Dataset records

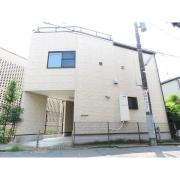 北沢三丁目戸建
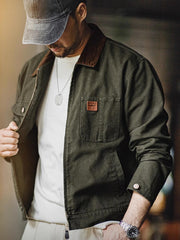 詳細画像: コーデュロイ襟とサンダーバードレザーパッチのディテール
モデル画像: カーキカラーのデトロイトハンティングジャケットを着用した男性のスタイル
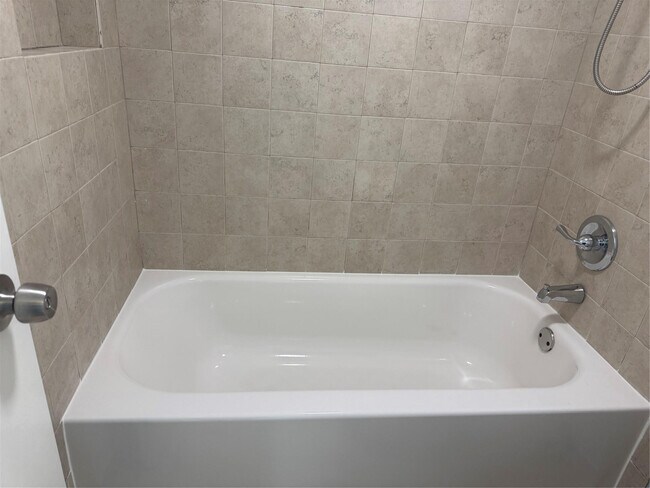 Building Photo - 9930 Twin Lakes Dr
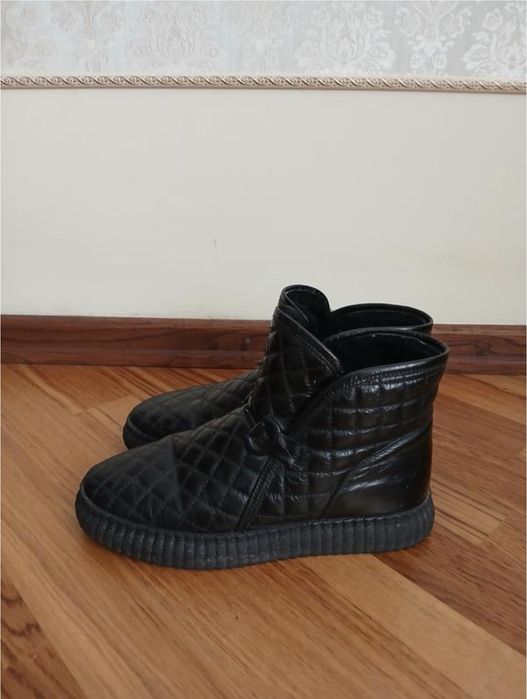 Шкіряне жіноче взуття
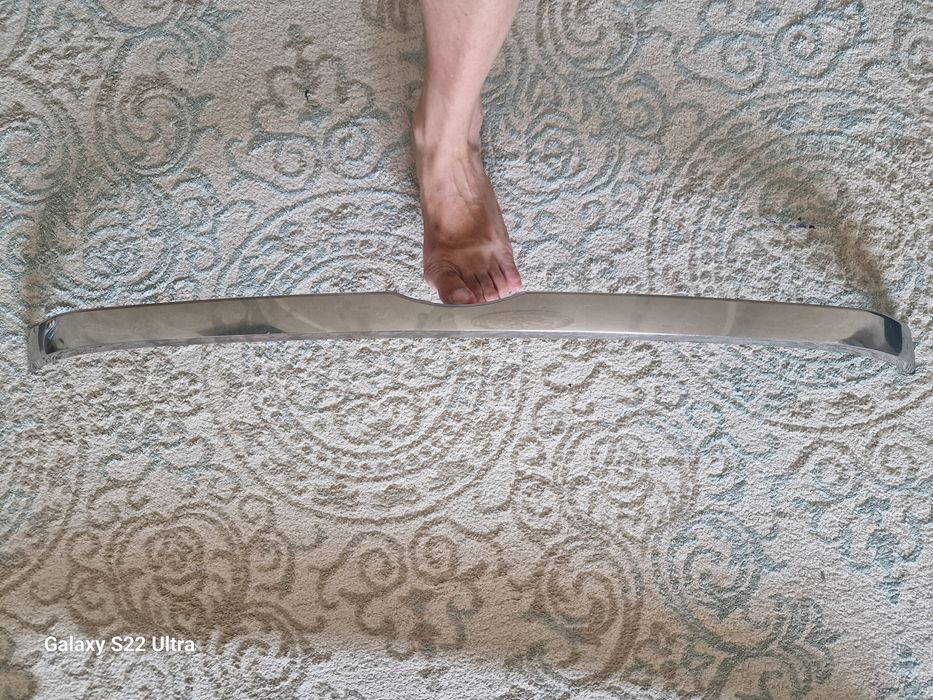 Продам ветровик на камри 50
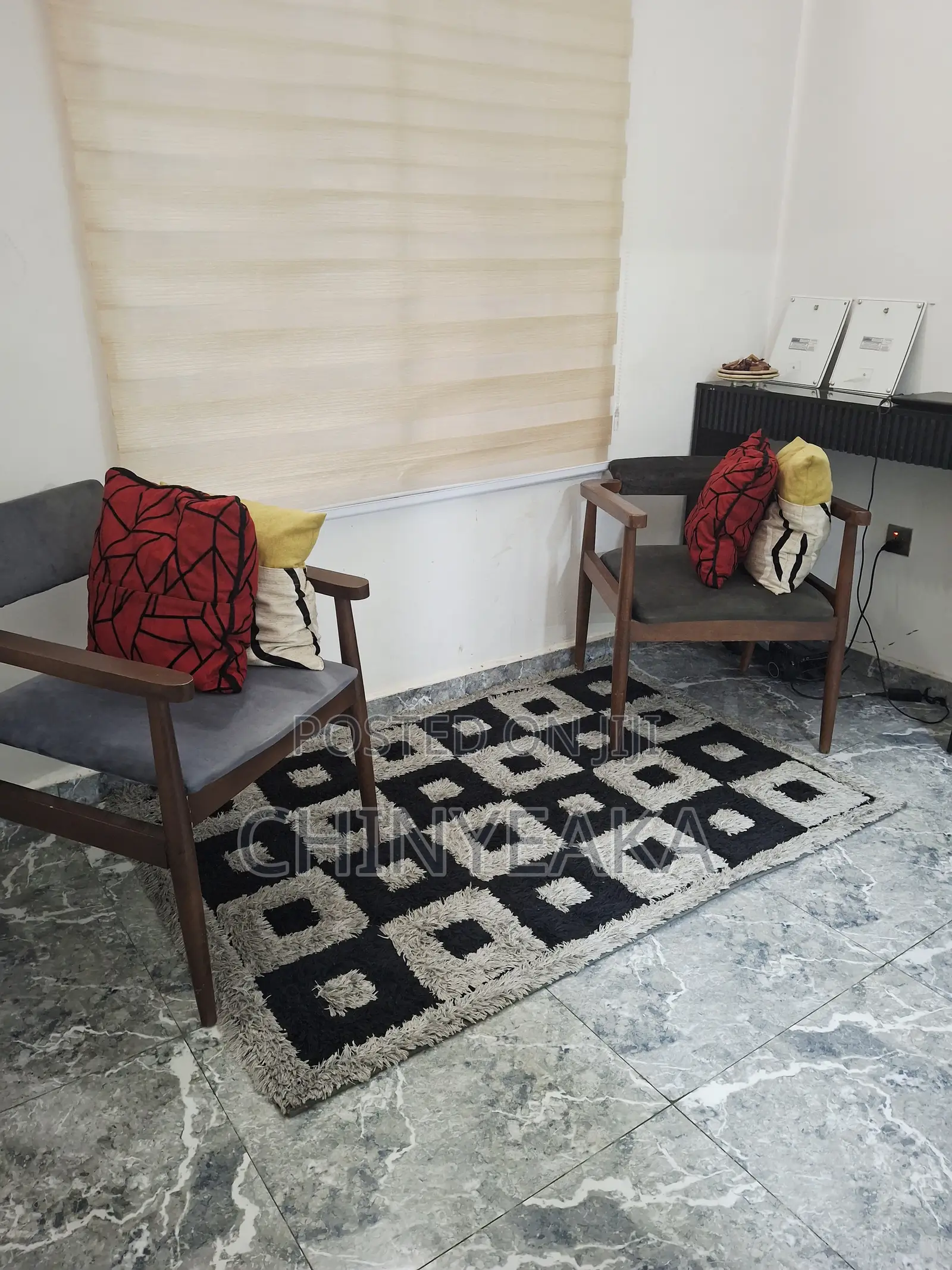 Singe Chairs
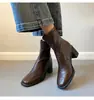 Botas de Cano Curto com Salto Alto Femininas Chuyuji 2026 Outono/Inverno Novas Botas Chelsea Quadradas para Mulheres Baixas com Saltos Grossos para um Look Emagrecedor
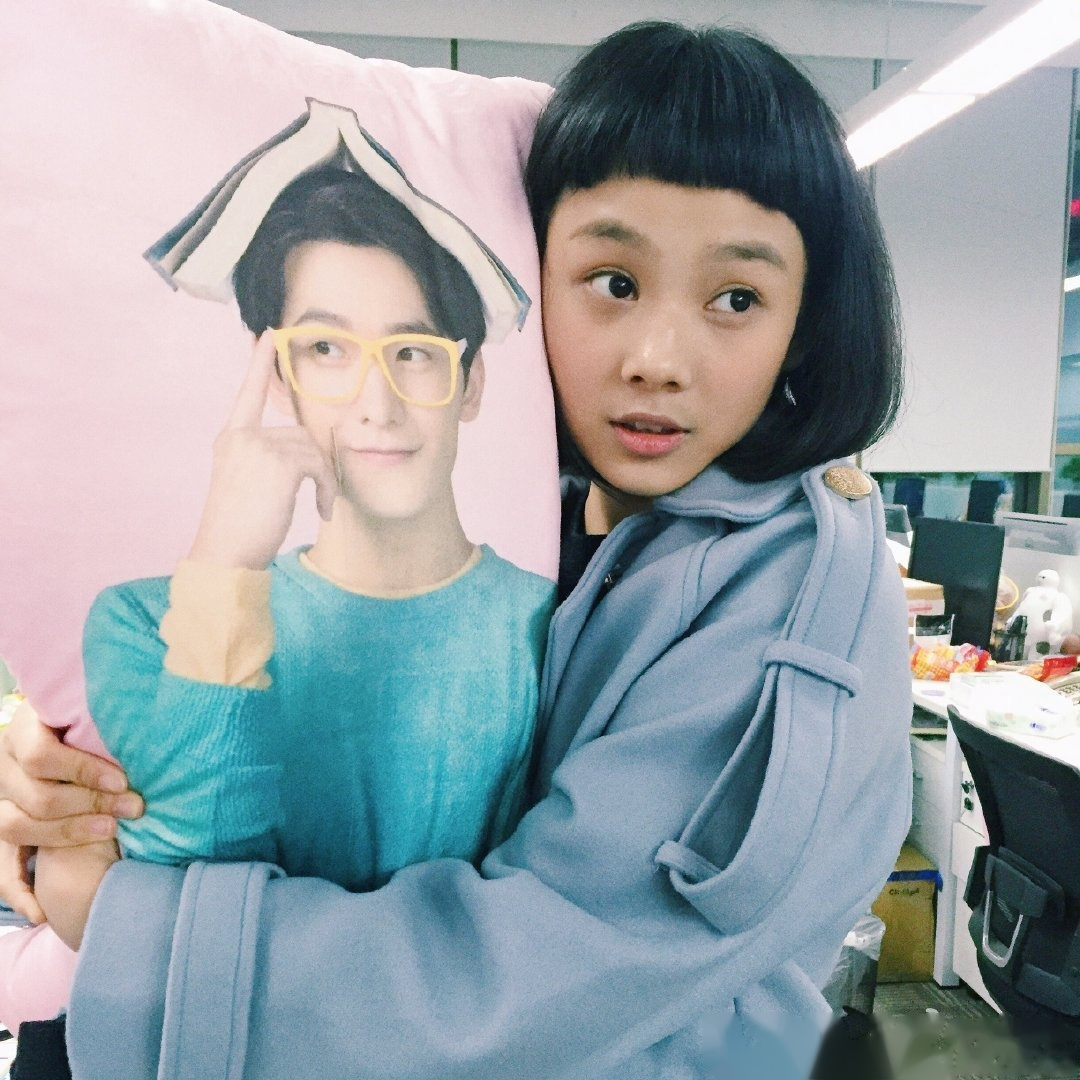 鲁照华小时候还有很多狗咬刘海,一时找不到图片,先看看她的这个刘海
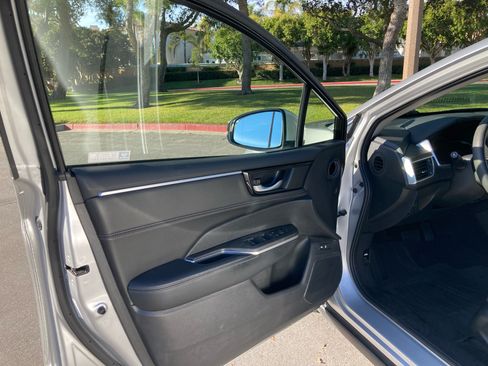 Used 2018 Honda Clarity Plug-In Hybrid image 14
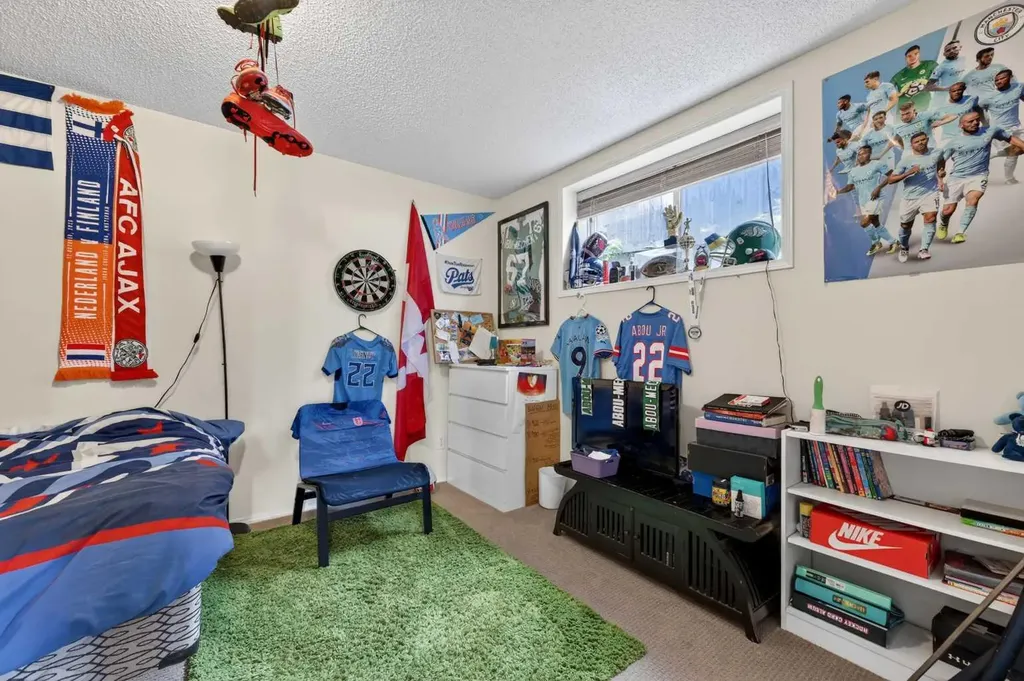 44 Bridlepost Green SW Calgary AB T2Y3X6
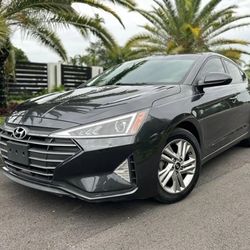 Hyundai Elantra 2020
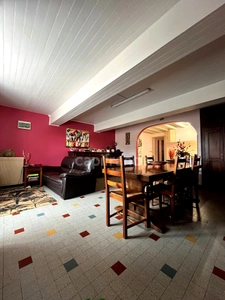 A vendre et rénover : Ancien corps de ferme 9 pièces, 6 chambres, au coeur d'un village proche de MAUVEZIN (32)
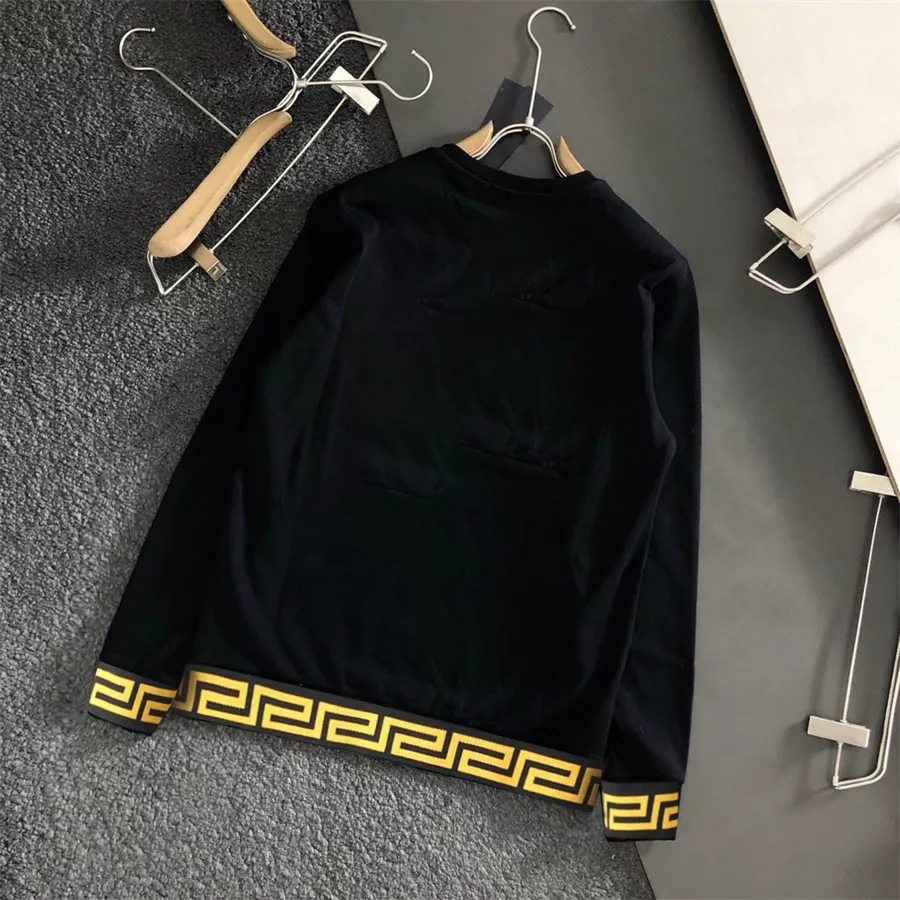 Versace Hoodies Long Sleeved For Men Flexible 3790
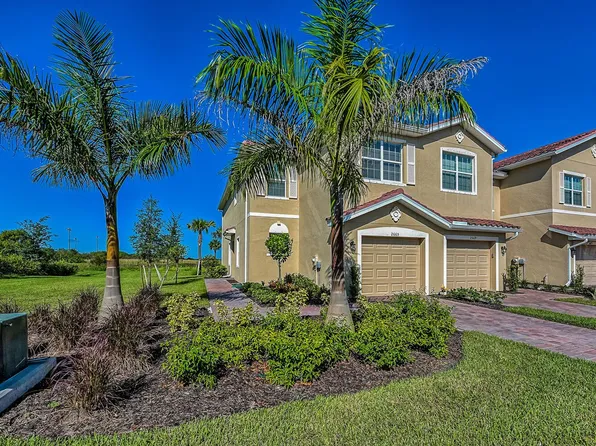 2665 Citrus St, Naples, FL 34120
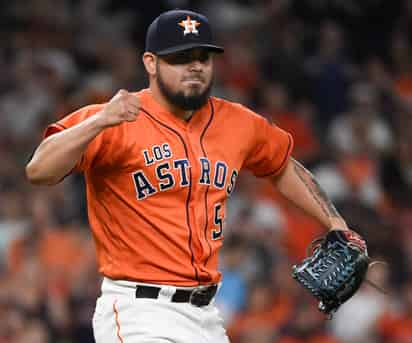 Celebra el mexicano Roberto Osuna luego de sacar el out 27 en la victoria de los Astros 6-4 sobre los Angelinos.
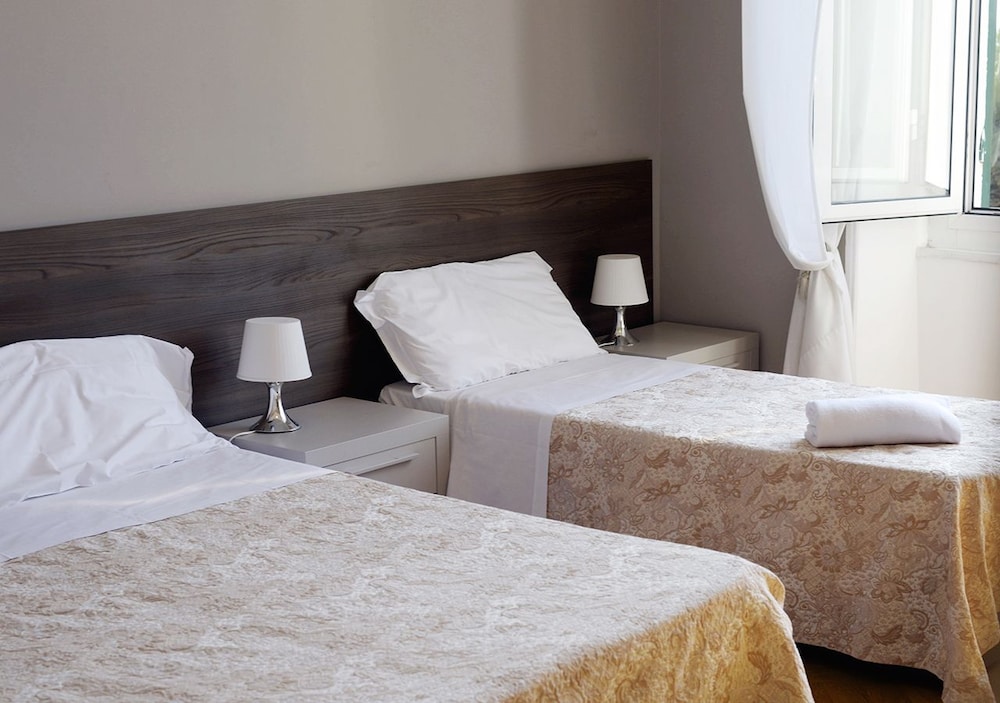 Hotel Mediterranee — hotel in Genoa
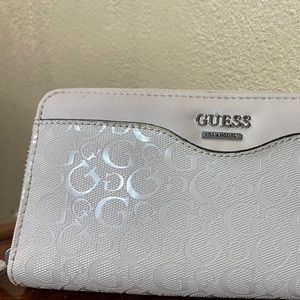 Guess wallet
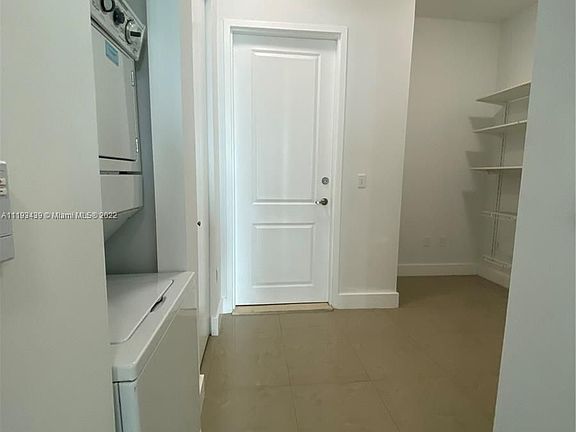 5th image of 2200 NE 4th Ave APT 604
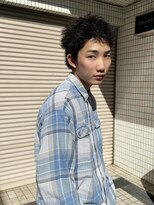 ヒュージ 三軒茶屋(huge)&nbsp;ニュアンスパーマ/眉毛カット/スパイキーショート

Try it
Transcribe exactly the span of lines that opens with the line holding "44 Bridlepost Green SW Calgary AB T2Y3X6" and closes with the last line of the entries above. Omit pictures.

Result for this exercise
 44 Bridlepost Green SW Calgary AB T2Y3X6
 Hyundai Elantra 2020
 A vendre et rénover : Ancien corps de ferme 9 pièces, 6 chambres, au coeur d'un village proche de MAUVEZIN (32)
 Versace Hoodies Long Sleeved For Men Flexible 3790
 2665 Citrus St, Naples, FL 34120
 Celebra el mexicano Roberto Osuna luego de sacar el out 27 en la victoria de los Astros 6-4 sobre los Angelinos.
 Hotel Mediterranee — hotel in Genoa
 Guess wallet
 5th image of 2200 NE 4th Ave APT 604
 ヒュージ 三軒茶屋(huge)&nbsp;ニュアンスパーマ/眉毛カット/スパイキーショート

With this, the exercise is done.